# Should I Do Obedience Classes?



## tcsd87 (Jun 21, 2012)

Farley is a little over 4 months old and he just got all of his shots done. I didn't want him in classes until he had all of his shots.

Anyways, I've been training him since I got him and he knows sit, lay down, and shake. I can even put a treat on his nose and he waits for me to say "okay." He does this for food as well. He will wait until I say it's okay. He is super smart. I have a few dilemma's though.

First off, I don't have much money. I don't think a group obedience training class will teach him much since he pretty much knows the basics. I really don't want to waste the money if that's the case. 1 on 1 sessions are very pricey too. Any suggestions on what to do?

I have most problems with having him come and stay without having to raise my voice. It only works about half of the time if I call him to come. If I have food and tell him to stay, he'll be fine until I go around the corner and he'll come after me only for the treats. 

I'm sure there are other things I can't think of right now, but any helpful tips on what I should go about doing as far as obedience classes would be helpful.
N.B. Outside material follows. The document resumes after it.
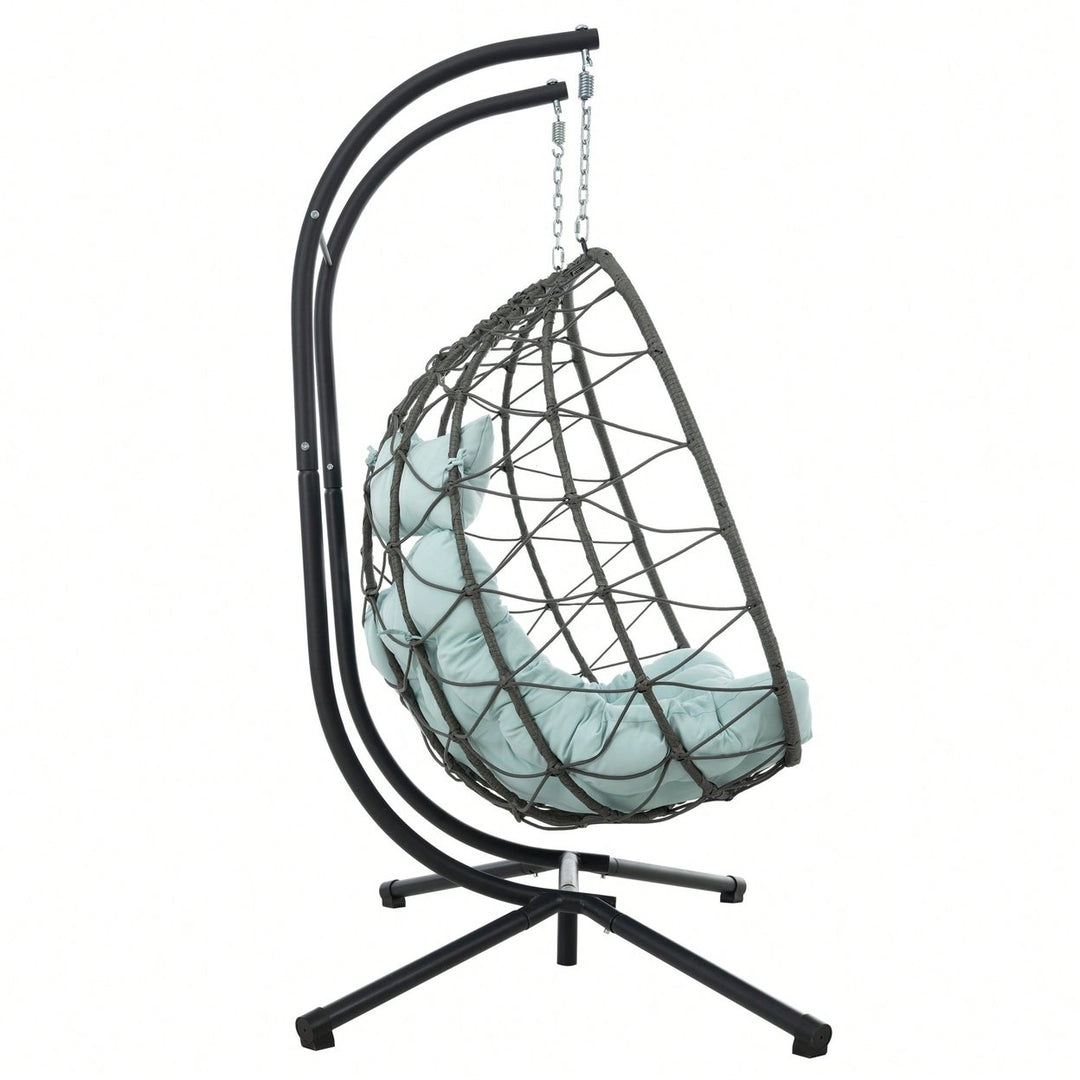 2 Person Wicker Egg Chair With Stand For Indoor Outdoor Use Swing Chair For Patio Balcony Living Room Bedroom Image 4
Thanks!


----------



## Loisiana (Jul 29, 2009)

At four months old I wouldn't be going around the corner on a stay, I'd be standing right next to him and only asking him to hold a stay for a few seconds.


----------



## Megora (Jun 7, 2010)

Obedience classes are for a couple other reasons too besides teaching the basics...
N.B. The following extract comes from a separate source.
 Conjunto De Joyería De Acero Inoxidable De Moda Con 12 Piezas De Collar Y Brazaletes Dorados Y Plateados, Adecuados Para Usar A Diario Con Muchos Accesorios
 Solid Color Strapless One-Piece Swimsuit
1. Socialization for your dog. They NEED to learn how to be in public places with dogs around and other people. In a controlled environment. Your pup needs to learn how to be around other dogs without feeling nervous and without lunging to play. 

2. Training in public places with your dog. This is the toughest one for a lot of people and it does take more than 6-8 weeks to train your dog to pay attention in a busy place. From what I've seen of some people, the toughest thing is training the dogs in public. I've seen a lot of people get all nervous and self-conscious. 


Because of the socialization factor, I think group classes are more beneficial than 1-1 classes. And you have to be very particular about where you train.


----------



## Augie's Mom (Sep 28, 2007)

What the others have said is spot on. Also at 4 months he's still your darling, angelic puppy. Wait until adolescence hits and that's where the obedience starts paying off.


----------



## Max's Dad (Apr 23, 2012)

I agree. Try a basic obedience class. Max has been to basic and advanced twice. His first class was before 6 months I think. Our trainer lets us repeat advanced for free after we paid for the first one. After the second advanced class, we took some time off.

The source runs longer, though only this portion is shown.